I am not hanging up my bike yet. I would still like to get in 300 – 400 miles before the weather really gets nasty. If I get half of that I will be happy. I will be prepared as I have ordered a new steed for my stable. This has more of a touring stance, will take slightly wider tires and I plan to put fenders and possibly a rear rack on it. Face it, I am in my 50’s and I am not going to go out racing in “crits” or cyclo-cross. I also need to loose a decent amount of weight to even get near what it would take to race and this body has a bad knee and arthritic hip. No, I just ride to be in club rides and socialize afterwords. I do want to do more centuries next summer, not metric either but at least one full century.
What have I learned?
- No matter how much you ride you still have to watch your diet. Hydration is important – drink plenty of water and electrolytes on those long hot rides. Lack of hydration can lead to headaches. I learned on the D2R2 that by drinking water every 5-10 minutes from my camelbak or water bottle, I did not suffer. I filled up at every water station and even sat and drank a bottle while there. I ate wisely. By doing this I was able to climb those hills that killed me in the past and it did not take me two to three days to recover once I got home, just about a day instead, which was much better.
- I need to train better during the off season. Last year between Halloween and right after Christmas, I did nothing. I paid for it, dearly. I gained too much weight which I have fought to take off all summer and am still fighting now. But I am turning the corner, I have a plan in place. If, I can’t get out on the roads, I will be at the gym or if the day is really bad, down in my basement working out. I will control myself over the holidays.
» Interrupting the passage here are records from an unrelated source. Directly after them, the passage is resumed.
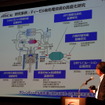 乗用車メーカー8社と日本自動車研究所によるエンジン研究組合が5月19日に東京で発足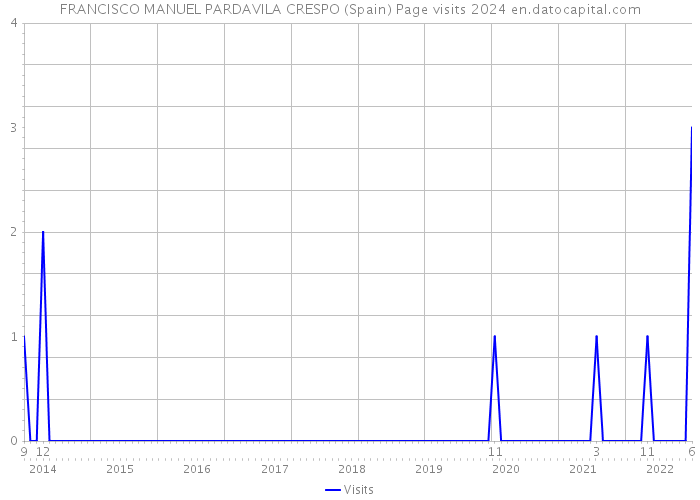 FRANCISCO MANUEL PARDAVILA CRESPO (Spain) Page visits 2024 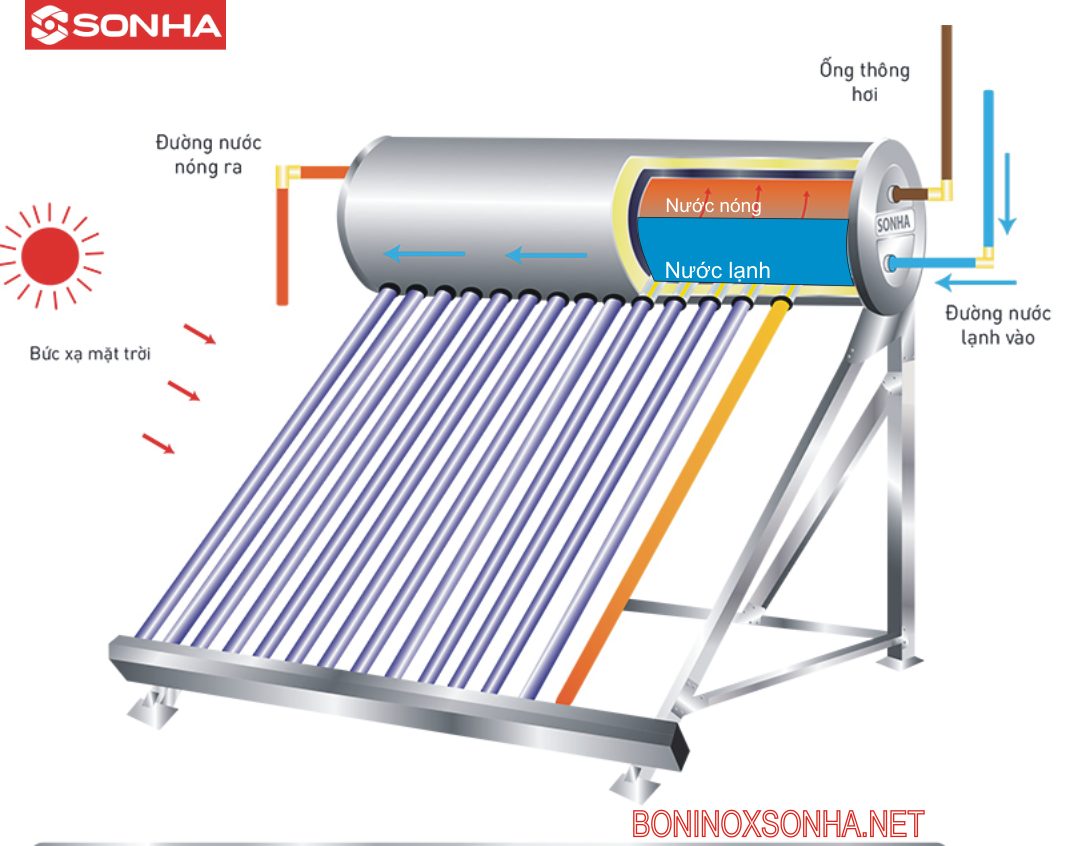 sơ đồ năng lượng dòng gold chân không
- Fenders can be your friends. After being caught in a few rainstorms this summer, and riding on the crappy sandy roads of spring I learned that fenders can keep dirt and grit away from your drive train, giving it longer life. Also your legs and preventing that skunk stripe on your back.
- Going from rim brakes to disc in mid-season can be tricky and everyone should know that rim brakes just suck when it gets wet.
- When planning a ride on “ride with gps” or any other website, try to Google Earth or Map the road. Avoid roads that go by cement plants or may have heavy truck traffic. They just leave a lot of sand in the road or tear up the pavement. If you have doubts about a busy section drive it in your car first.
- Potholes are costly. I found this out on Hartford Road east-bound near Bellingham, Massachusetts. This is a heavily traveled road, has a cement plant and the road has potholes galore. I hit a pothole so hard that my jaw rattled and I almost lost my breath. I could not avoid the pothole as I did not see it in time and there was traffic to my left and a drop-off to my right. I am now lighter in the wallet but richer in experience from that mishap.
- If you show up thirty minutes early for a group ride and don’t see your group or other riders check your directions but first do a quick drive around the block as there may have been a different entrance or they are meeting at the other side of the school.
- Expect some snide act from a pick up truck with confederate flags on it.
- Pedal bearings wear out and go side to side. If you are wearing clipless pedals this could have unintended consequences.
I will probably remember more and I will post them here. I will also post about my new steed once it comes in and I get a chance to ride it. I also hope to keep you posted during the winter.